Zwar trifft es zu, dass
Art. 41c Abs. 2 GSchV
den Besitzstandsschutz im Unterschied zu
Art. 24c RPG
lediglich auf Verordnungsstufe regelt (so Urteil 1C_345/2014 vom 17. Juni 2015 E. 4.1.3, in: URP 2015 S. 706; RDAF 2016 I S. 394). Das spricht aber nicht gegen einen restriktiveren Besitzstandsschutz: Es ist grundsätzlich Sache des Gesetzgebers zu entscheiden, ob er auch für die nach
Art. 36a GSchG
geschützten Gewässerraume einen erweiterten Besitzstandsschutz einräumen will. Mangels einer gesetzlichen Regelung gilt nur (aber immerhin) der aus der Eigentumsgarantie und dem Vertrauensschutz abgeleitete verfassungsrechtliche Besitzstandsschutz (so auch zit. Urteil des Verwaltungsgerichts des Kantons St. Gallen, a.a.O., E. 5.1).
Dieser umfasst den Bestand, die Weiternutzung und den Unterhalt von Bauten.

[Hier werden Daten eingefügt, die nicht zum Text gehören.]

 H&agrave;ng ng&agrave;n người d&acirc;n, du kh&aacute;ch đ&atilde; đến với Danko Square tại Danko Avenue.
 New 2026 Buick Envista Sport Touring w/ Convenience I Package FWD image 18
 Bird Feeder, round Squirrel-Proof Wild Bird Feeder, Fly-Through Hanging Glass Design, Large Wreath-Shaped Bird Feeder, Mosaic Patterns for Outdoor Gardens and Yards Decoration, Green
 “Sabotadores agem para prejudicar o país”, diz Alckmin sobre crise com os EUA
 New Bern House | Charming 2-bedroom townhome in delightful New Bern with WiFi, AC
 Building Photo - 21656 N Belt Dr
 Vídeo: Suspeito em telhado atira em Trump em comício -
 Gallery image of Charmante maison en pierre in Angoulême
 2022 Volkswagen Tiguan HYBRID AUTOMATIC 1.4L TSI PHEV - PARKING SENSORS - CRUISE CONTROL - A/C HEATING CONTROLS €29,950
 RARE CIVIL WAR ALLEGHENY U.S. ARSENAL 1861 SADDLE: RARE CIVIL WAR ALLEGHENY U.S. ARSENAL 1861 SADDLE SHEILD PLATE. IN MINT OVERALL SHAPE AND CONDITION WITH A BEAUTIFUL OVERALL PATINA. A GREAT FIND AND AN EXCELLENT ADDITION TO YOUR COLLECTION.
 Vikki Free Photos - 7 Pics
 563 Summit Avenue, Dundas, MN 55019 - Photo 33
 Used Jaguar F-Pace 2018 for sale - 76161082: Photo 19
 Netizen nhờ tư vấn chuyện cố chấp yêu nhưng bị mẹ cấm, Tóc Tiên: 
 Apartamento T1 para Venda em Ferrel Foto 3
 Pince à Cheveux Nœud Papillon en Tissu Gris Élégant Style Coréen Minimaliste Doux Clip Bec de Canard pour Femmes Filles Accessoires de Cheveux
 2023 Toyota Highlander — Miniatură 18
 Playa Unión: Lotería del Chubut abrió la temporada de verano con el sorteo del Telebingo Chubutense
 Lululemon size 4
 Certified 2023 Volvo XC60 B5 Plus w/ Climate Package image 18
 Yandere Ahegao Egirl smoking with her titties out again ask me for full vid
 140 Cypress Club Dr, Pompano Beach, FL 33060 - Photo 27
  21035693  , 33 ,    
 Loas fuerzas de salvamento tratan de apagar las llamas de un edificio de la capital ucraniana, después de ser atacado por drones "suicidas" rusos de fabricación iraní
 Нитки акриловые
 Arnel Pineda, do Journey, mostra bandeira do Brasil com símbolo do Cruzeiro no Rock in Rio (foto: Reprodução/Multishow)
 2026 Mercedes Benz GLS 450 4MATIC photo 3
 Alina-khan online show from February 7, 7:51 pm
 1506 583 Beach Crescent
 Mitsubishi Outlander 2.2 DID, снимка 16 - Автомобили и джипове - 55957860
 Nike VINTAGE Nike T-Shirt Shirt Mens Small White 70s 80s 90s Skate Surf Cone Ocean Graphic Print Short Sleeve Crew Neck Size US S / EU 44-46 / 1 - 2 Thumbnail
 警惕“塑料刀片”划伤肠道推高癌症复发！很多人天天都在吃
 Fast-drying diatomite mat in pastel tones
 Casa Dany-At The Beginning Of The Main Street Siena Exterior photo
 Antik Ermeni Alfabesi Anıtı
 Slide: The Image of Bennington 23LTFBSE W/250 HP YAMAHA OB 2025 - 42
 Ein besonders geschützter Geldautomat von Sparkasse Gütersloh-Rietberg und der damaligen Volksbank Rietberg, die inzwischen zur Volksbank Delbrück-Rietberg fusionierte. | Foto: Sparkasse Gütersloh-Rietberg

Zulässig dürften - unter Berücksichtigung des Normzwecks und des Verhältnismässigkeitsprinzips - auch Umbauten sein, welche die Funktionen des Gewässerraums nicht berühren, wie die im Entscheid 1C_345/2014 vom 17. Juni 2015 streitige Installation von Solarzellen auf einer bestehenden Baute (diese ist heute nach
Art. 18a Abs. 1 RPG
in der Regel sogar ohne Baubewilligung zulässig). Dagegen dürfen zonenwidrige Bauten ausserhalb der Bauzone im Gewässerraum weder erweitert noch wiederaufgebaut werden, weil dadurch der gewässerrechtswidrige Zustand verstärkt und über die Lebensdauer der ursprünglich bewilligten Baute hinaus perpetuiert würde. Dies würde das Ziel von
Art. 36a GSchG
, die Gewässerräume zumindest auf längere Sicht von Bauten und Anlagen freizuhalten, vereiteln.
9.3
Zusammenfassend ist festzuhalten, dass der ohne Baubewilligung erfolgte Wiederaufbau der altrechtlichen Baute auf Parzelle Nr. a im Gewässerraum auch nachträglich nicht bewilligt werden kann. Daran ändert der Einwand der Beschwerdeführer nichts, dass die Saaser Vispa heute verbaut ist und die Bauten auf der angrenzenden Parzelle GBV Nr. e einer Revitalisierung zumindest kurzfristig entgegenstehen.